İkinci fark ettiğim olaysa
alışkanlık kazanmanın aslında ne kadar zor olduğu. Bana keyif veren, beni
neşelendiren, eğlendiren bir alışkanlığı kazanmak bile düşündüğümden kat ve kat
zordu. Eylemsiz olmak, sadece yatmak varken bazı isteklere ve dikkat dağıtıcı
etkenlere karşı direnç gösterip her hafta o filmlerin başına oturmak durup
baktığımda beni gerçekten zorladı. Bir karar vermeye çalıştığınızda, bu durum
için film izlemek ve izlememek, beyninizin bir tarafı sizi o filmi izlemeye
diğer tarafıysa izlememeye itiyor. Hangi tarafın kazanacağı, sizin hangi tarafı
daha iyi beslediğinize bağlı ki bu da bir enerji, diğer tarafa karşı direnç
göstermenizi gerektiriyor. Bu yüzden yeni bir karar almaktansa zaten devam
ettiği gibi yaşamını sürdürmek beyin için en kolay yol oluyor.

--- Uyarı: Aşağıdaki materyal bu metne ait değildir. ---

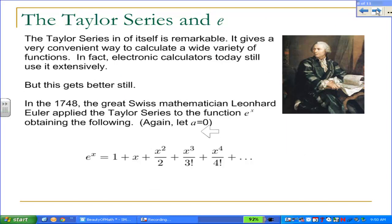We've been talking about the number e and the function eˣ. What the great mathematician Leonhard Euler did in 1748 is take the Taylor series and use it on the function eˣ. It's an extraordinarily easy function to apply the Taylor series to, because the derivative of eˣ is just eˣ — first, second, third derivative, all eˣ. So it's really easy to apply, and if you do, you end up with the expansion shown here.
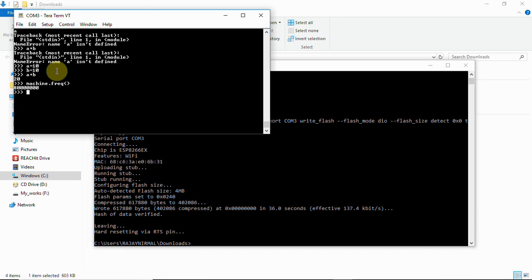And you can try this. I will give you all these commands and the links which will be used for this particular setup in my video description. And this is what I wanted to tell you in this video. We will meet in another video. Thank you, thanks a lot.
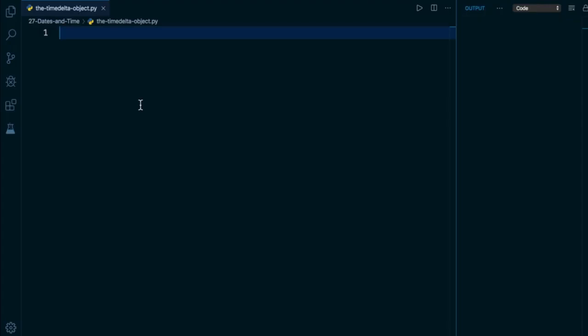In this lesson, we'll talk about the time delta object, which represents a duration or a measurement of the passage of time. So it's not a concrete date or time, it's a duration. Much like we say, oh, that movie is 141 minutes long. So let's take a look.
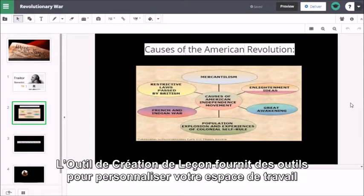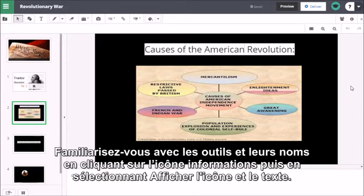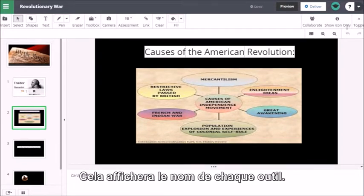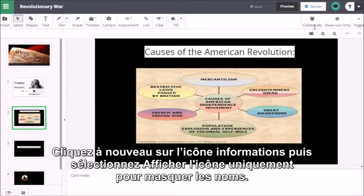Lesson Builder provides a few options for customizing your workspace while creating lessons. Familiarize yourself with tools and their names by clicking on the information icon and selecting show icon and text. This will display the name of each tool for your reference. Click the information icon again and select show icon only to hide names.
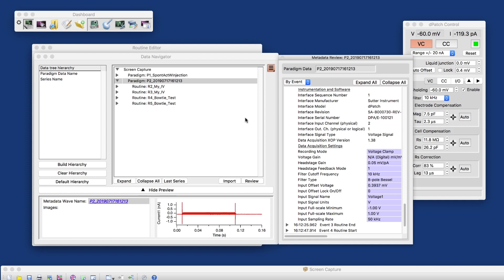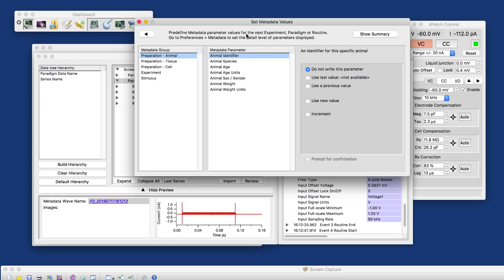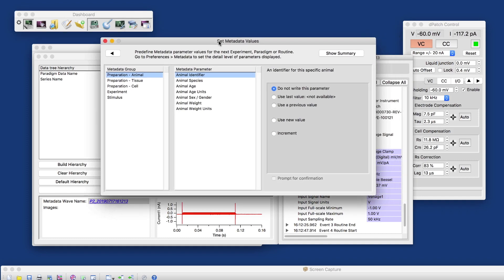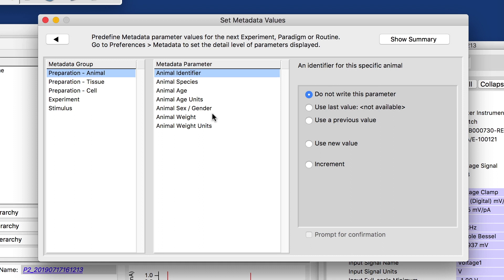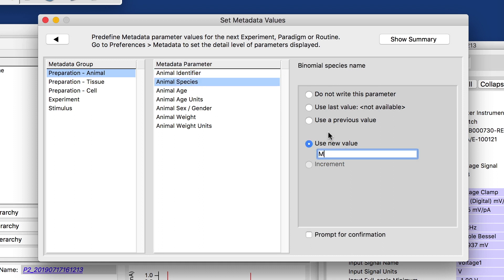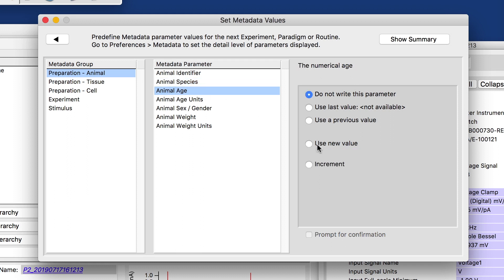What I can do is I can add metadata to data that I would record from here. So for example, for the animal species, in this case, we want to record from mouse. And the animal age could be, say, six.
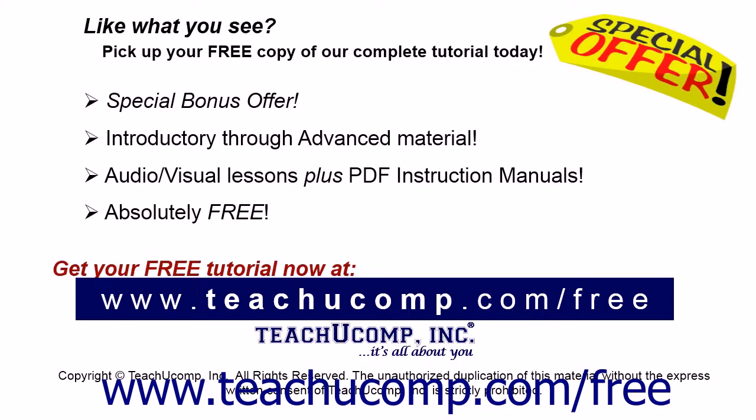Like what you see, pick up your free copy of the complete tutorial at www.teachucomp.com forward slash free.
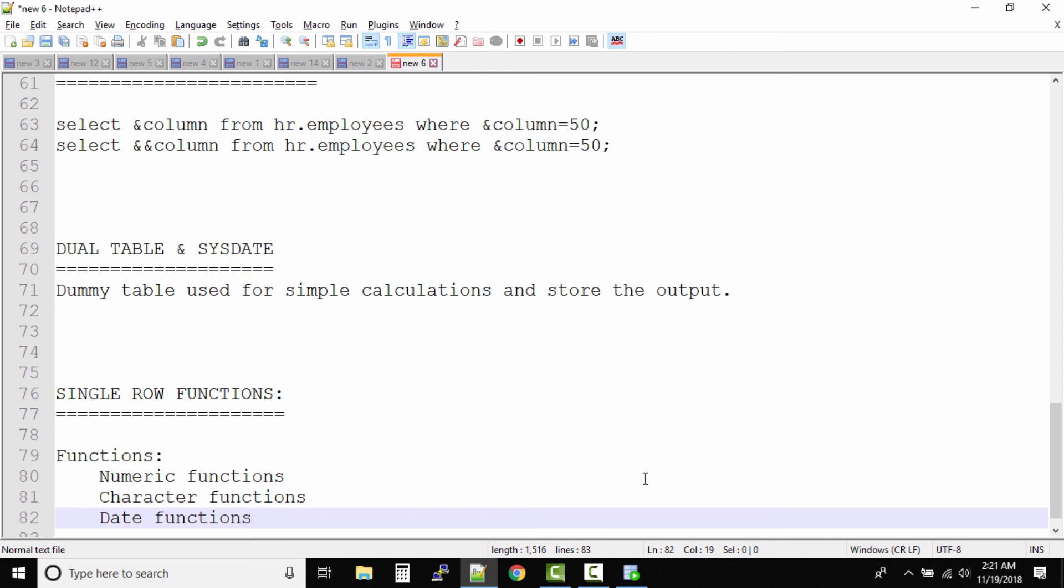Under date functions, from the date I want to check what is the year, what is the particular month, adding 30 days to a date or maybe 20 days to a date, and some more types of date functions. So let us look at these functions one by one.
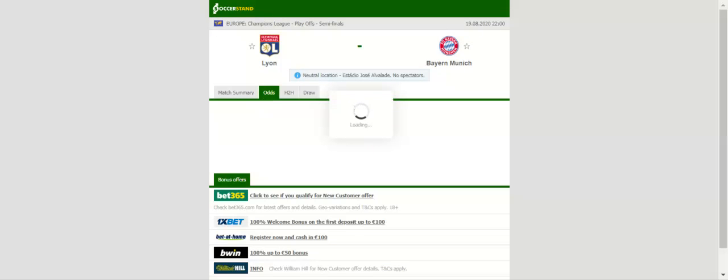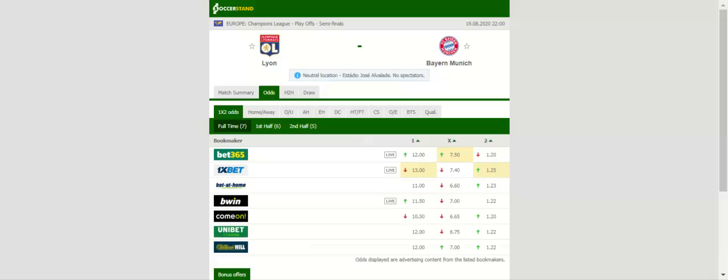Olympique Lyon will be looking to claim yet another major scalp in the elite competition when they take on Bayern München at Estadio Jose Alvalade. Les Gones are likely to stick to their defense-minded approach, but preventing the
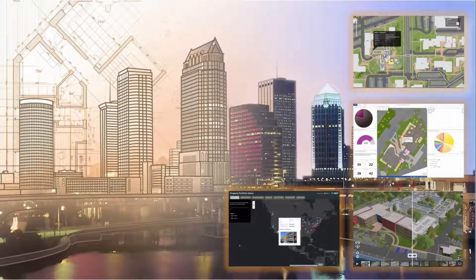Hello, my name is John Young with Esri. Are you a property, workplace, or facility management professional challenged with pulling together data from lots of different sources and systems and then delivering it back as helpful information to your business? If you are, I'm excited to speak with you today about the value of using ArcGIS as a mapping and integration platform for facilities data.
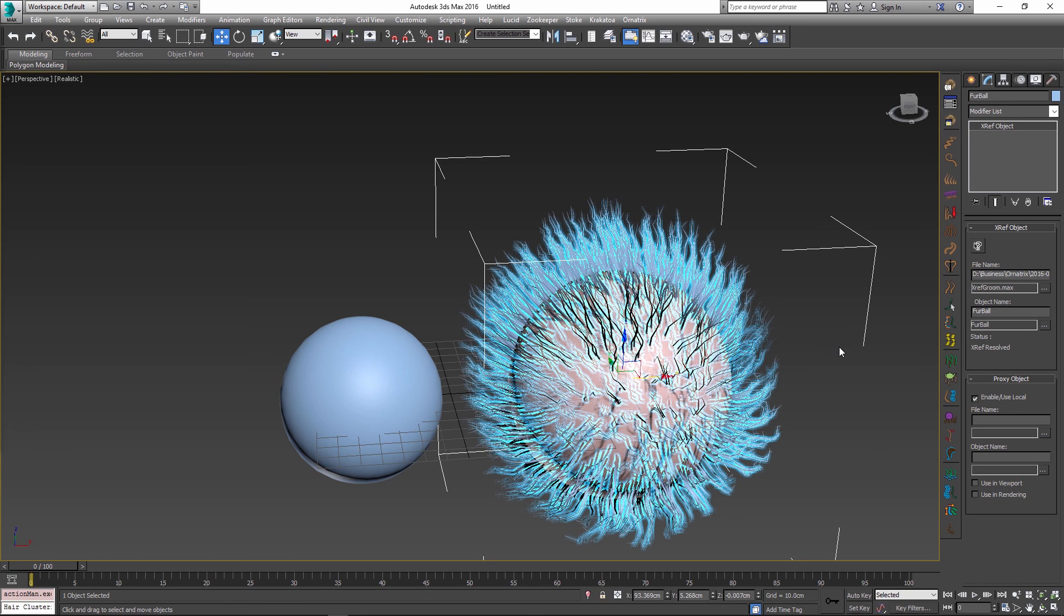This is a quick and useful way of referencing hair assets inside other Max files. I hope it can speed up things and simplify your production. Thank you very much for watching.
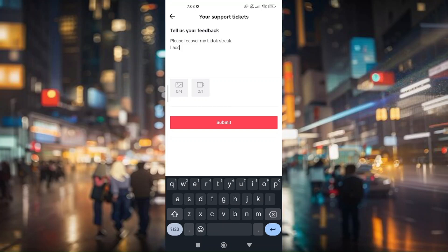Once you submit it, you will be generated with a report ticket. Keep that because you and TikTok will communicate via your email address associated with your TikTok account. TikTok will verify it and recover the TikTok streak that was accidentally removed.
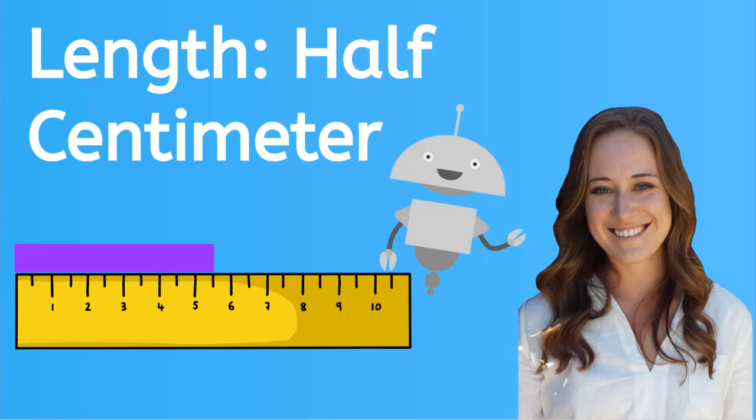Hey, it's Kayleigh. In this lesson, we're going to learn to measure to the half centimeter.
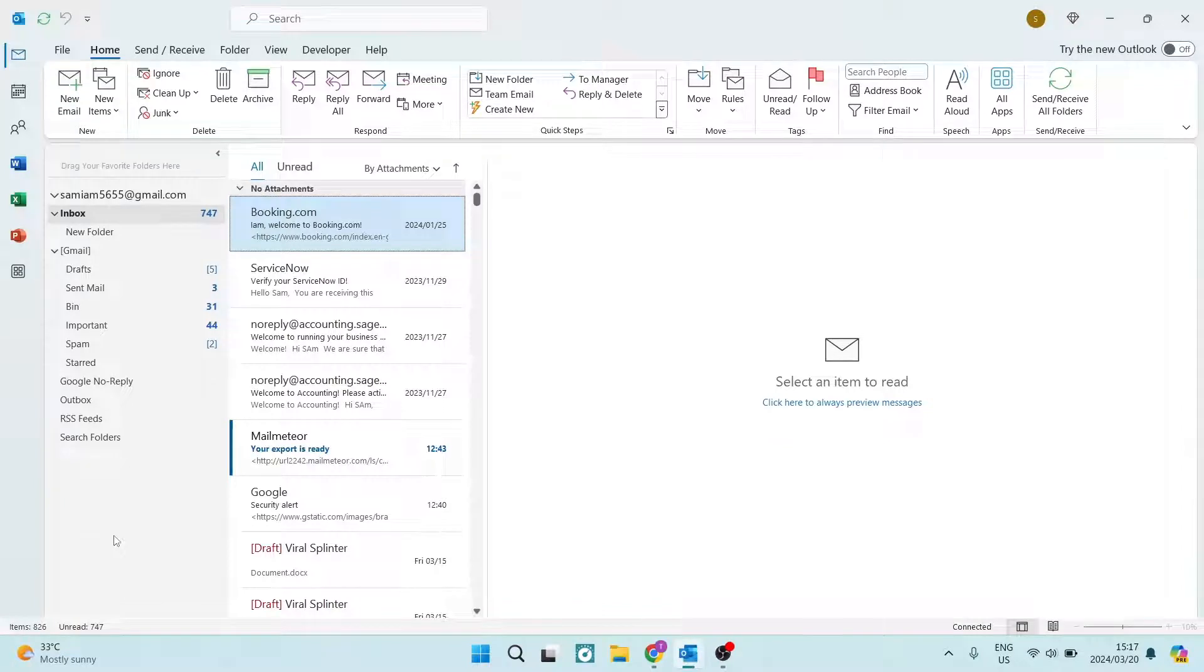Ladies and gentlemen, I'm going to show you how to add the Teams add-in in Microsoft Outlook. So let's get in.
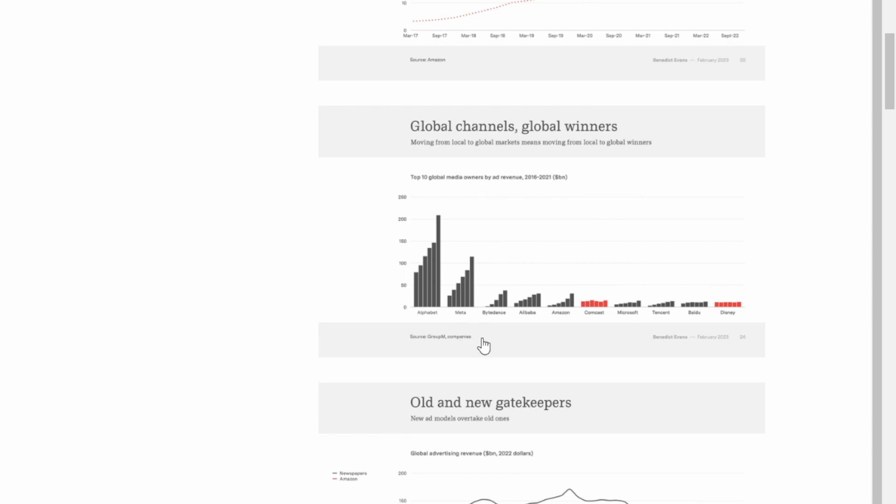And then when you look at some of the other top players I'm not familiar with this company but you have Alibaba, Amazon, Comcast, Microsoft, Tencent, Baidu, Disney. So a lot of large companies but really there are only two main players in advertising, Meta and Alphabet.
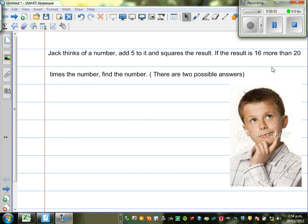Jack thinks of a number, adds five to it, and squares the result. If the result is 16 more than 20 times the number, find the number. There are two possible answers.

Fark ettiğim üçüncü şeyse yalnız
kalmaya sandığımdan daha fazla ihtiyacımın olması. Kalabalığın içinde çaba sarf
etmeden yaşamaya, yaşadığı sanıp savrulmaya alışmış olmak kendim olmayı
unutmama sebep olmuş. Durup düşüncelerimi dinlemeye başlamak kim olduğumu
keşfetmek için yeni bir fırsat yarattı. Kazanmaya çalıştığım yeni alışkanlık durup
nefeslenmek için zamana ihtiyacım olduğunu anlamamı sağladı. İsteklerine,
benliğine karşı daha duyarlı biri oldum diyebilirim bu alışkanlık sayesinde.
Basit bir alışkanlık kazanmaya
çalışırken anlamlı şeyler de elde ettiğimi düşünüyorum ve geldiğim yere bakınca
kendimle gurur duyuyorum. 2018’den beri her hafta düzenli olarak film
izliyorum. Bunun yanında devam ettirmeye çalıştığım iki alışkanlığım daha var:
Her gün ne olursa olsun kitap okumaya zaman ayırıyorum ve en fazla iki gün ara
vermek şartıyla yazı yazıyorum. Ayrıca yeniden tek başıma dışarı çıkıp gezmeye
başladım. Daha önceleri yalnız dolaşmayı çok severdim ama kalabalık ortamların
etkisiyle tek olup bir şeyler yapmak korkunç görünmeye başlamıştı. Yalnız
olabilme yeteneğimi tekrar kazandım ve bu ben mutlu ediyor. Yani film izleme
günü yapmak art arda dizilmiş domino taşlarının ilkiydi benim için. O ilk taşı
itecek gücü bulunca ardında çok daha büyük ve güzel taşlar olduğunu gördüm. İlk
taşı ittim ve kafamı kaldırıp etrafa baktım neler değişiyor diye. Bugün
biliyorum ki keşfedecek hala çok şeyim var.
Son olarak beni etkileyen, durup
düşünmeye iten, olaylara bakış açımı değiştiren birkaç tane filmden bahsetmek
istiyorum.
·
- Her: Yapay zekalarla insan ilişkilerine farklı bir yönden bakıyor film. Biri bana film önermemi istediğinde ilk aklıma gelen oluyor genelde. Joaquin Phoenix’i ilk bu filmle tanımıştım ki Joker’deki oyunculuğuyla da aşık olmuştum.
- Gattaca: Benim de öneri sayesinde izlediğim bir film. Jude Law ve Ethan Hawke’ın hala genç olduğu zamanlarda çekilmiş ve bence hak ettiği kadar konuşulmayan bir film. İnsanların ne olabileceği, ne kadar yaşayacağı önceden belirlenirken bir adamın tüm sınırlandırmaların dışına nasıl çıktığını gösteriyor bize.
- The Professor: Yolda arabayla gidiyorsunuz, önünüze yol ayrımı çıktı. Ya sağa gideceksiniz ya sola, hangisini seçeceğinizi nasıl seçersiniz?